PROBLEM STATEMENT :: Set down, unchanged, the line with "Snapshot of Michael_magno" and everything after it through the last line of the data.

GIVEN RECORDS ::
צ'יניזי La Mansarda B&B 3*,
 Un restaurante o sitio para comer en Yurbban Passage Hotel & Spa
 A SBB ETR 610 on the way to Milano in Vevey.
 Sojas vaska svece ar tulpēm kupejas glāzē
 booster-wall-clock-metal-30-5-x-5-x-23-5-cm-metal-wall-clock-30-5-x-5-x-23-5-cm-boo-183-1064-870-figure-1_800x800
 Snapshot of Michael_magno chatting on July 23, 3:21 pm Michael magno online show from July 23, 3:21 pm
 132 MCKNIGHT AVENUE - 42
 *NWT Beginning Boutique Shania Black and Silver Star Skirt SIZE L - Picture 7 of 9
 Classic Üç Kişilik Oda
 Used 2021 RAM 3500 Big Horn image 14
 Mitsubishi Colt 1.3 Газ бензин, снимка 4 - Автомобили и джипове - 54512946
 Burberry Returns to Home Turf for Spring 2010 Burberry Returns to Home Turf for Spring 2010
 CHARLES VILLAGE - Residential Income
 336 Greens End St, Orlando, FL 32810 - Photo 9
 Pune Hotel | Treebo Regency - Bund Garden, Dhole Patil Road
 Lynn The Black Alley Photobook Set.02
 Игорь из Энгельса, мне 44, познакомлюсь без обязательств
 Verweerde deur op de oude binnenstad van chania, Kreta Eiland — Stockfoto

OUTPUT OF THE TASK ::
 Snapshot of Michael_magno chatting on July 23, 3:21 pm Michael magno online show from July 23, 3:21 pm
 132 MCKNIGHT AVENUE - 42
 *NWT Beginning Boutique Shania Black and Silver Star Skirt SIZE L - Picture 7 of 9
 Classic Üç Kişilik Oda
 Used 2021 RAM 3500 Big Horn image 14
 Mitsubishi Colt 1.3 Газ бензин, снимка 4 - Автомобили и джипове - 54512946
 Burberry Returns to Home Turf for Spring 2010 Burberry Returns to Home Turf for Spring 2010
 CHARLES VILLAGE - Residential Income
 336 Greens End St, Orlando, FL 32810 - Photo 9
 Pune Hotel | Treebo Regency - Bund Garden, Dhole Patil Road
 Lynn The Black Alley Photobook Set.02
 Игорь из Энгельса, мне 44, познакомлюсь без обязательств
 Verweerde deur op de oude binnenstad van chania, Kreta Eiland — Stockfoto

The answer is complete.